Vargas is constantly running away from his wife. The opening kiss lasts only seconds, then the bomb. He talks to her like she's a child, then runs off. Next kiss takes place in the car, as he's taking her to be sadistically tormented at the motel. On a subconscious level, he's offering her as a sacrifice to forces of the underworld, so that he can go off on his odyssey against gangsters. An almost irritated look spreads across his face as he abruptly stops the car on the side of the road in order to give her a kiss, which again only lasts seconds. He's only too eager to jump out of the car and into the police car, leaving her behind, in the jaws of the big bad wolf. The next occasion of intimacy also lasts only seconds. He uses a blind woman's phone to place a call to the motel where she's a virtual captive (he's blind to her needs and to her distress). She begins to express her passion, how the sound of his breathing makes her yearn to be with him. He abruptly hangs up. Gotta go.

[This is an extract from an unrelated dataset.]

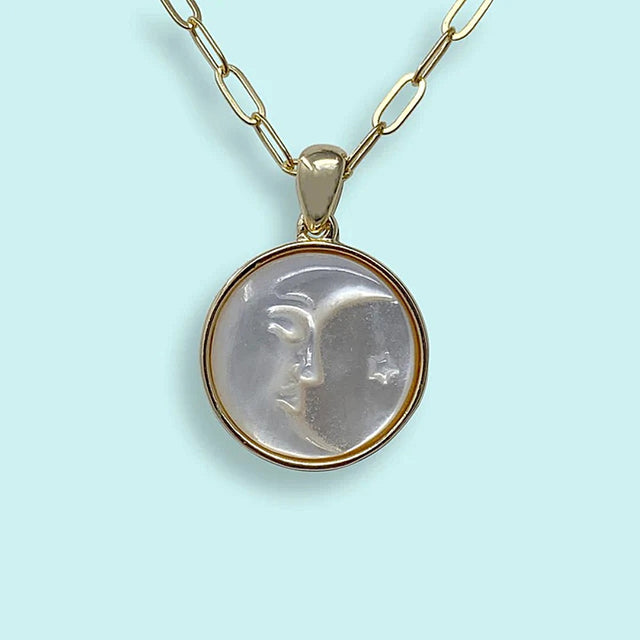 Gold necklace with a circular pendant featuring a crescent moon face design in pearl on a light blue background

Then follows a scene of mental torment worthy of the Marquis de Sade. A family of gangsters torment the woman at a Bates style motel, complete with a psycho Norman Bates kind of night man. Vargas is totally blind to what's going on with his wife. Quinlan underlines this when he asks Vargas, at one point, about his wife and mentions the common sense question about why would a man dump his wife at a seedy motel in the middle of nowhere.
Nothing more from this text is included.